__PROBLEM TO SOLVE__: Look below for the line that contains "Tu Chân Nói" and the line that contains "Kia The New", then restate both of them and every line in between, exactly. No picture goes in the copy.

PROVIDED RECORDS Start Marker

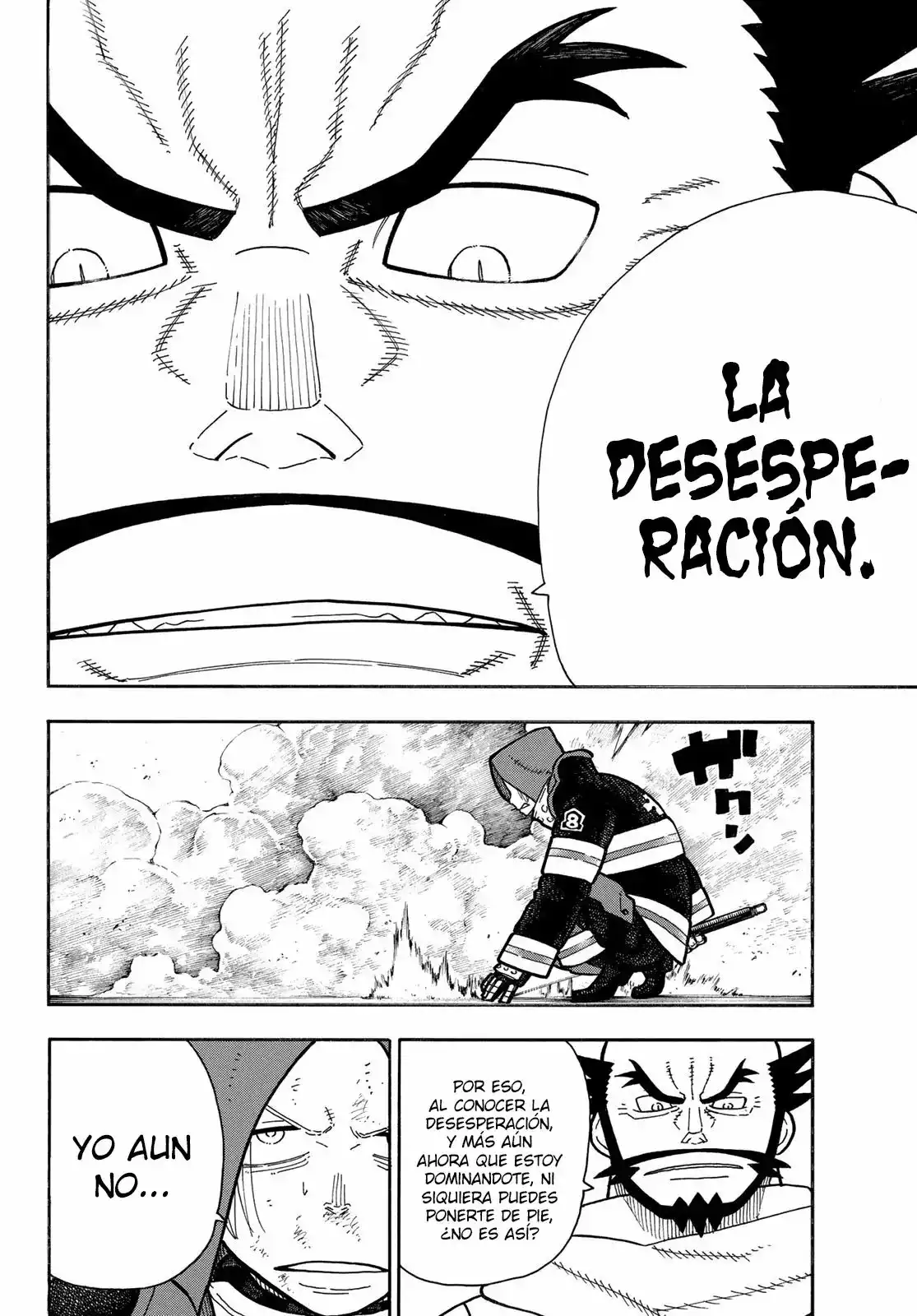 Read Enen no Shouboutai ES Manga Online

PROVIDED RECORDS End Marker
PROVIDED RECORDS Start Marker

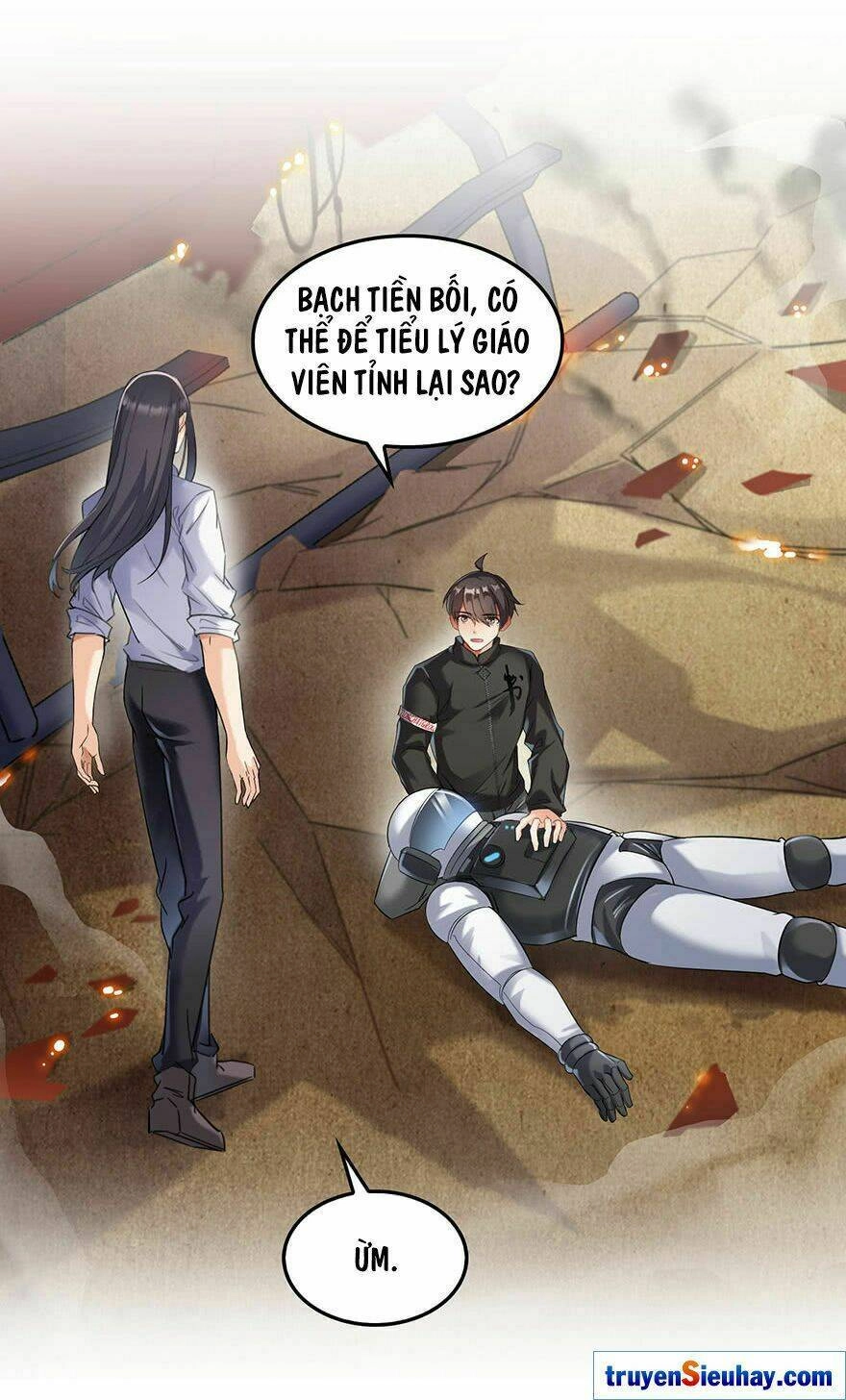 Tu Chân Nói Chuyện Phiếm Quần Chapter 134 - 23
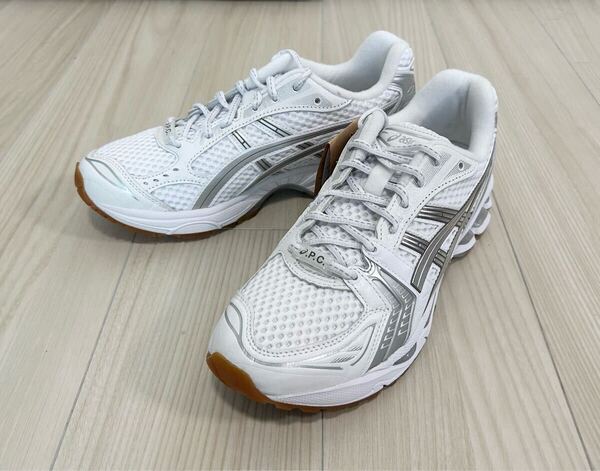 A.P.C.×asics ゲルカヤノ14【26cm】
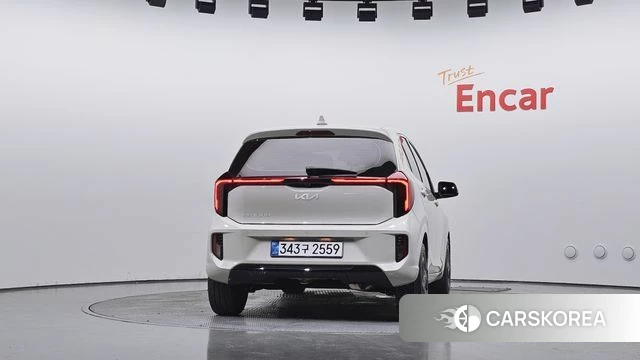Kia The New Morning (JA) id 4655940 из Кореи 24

PROVIDED RECORDS End Marker

__ANSWER BELOW__:
 Tu Chân Nói Chuyện Phiếm Quần Chapter 134 - 23
 A.P.C.×asics ゲルカヤノ14【26cm】
Kia The New Morning (JA) id 4655940 из Кореи 24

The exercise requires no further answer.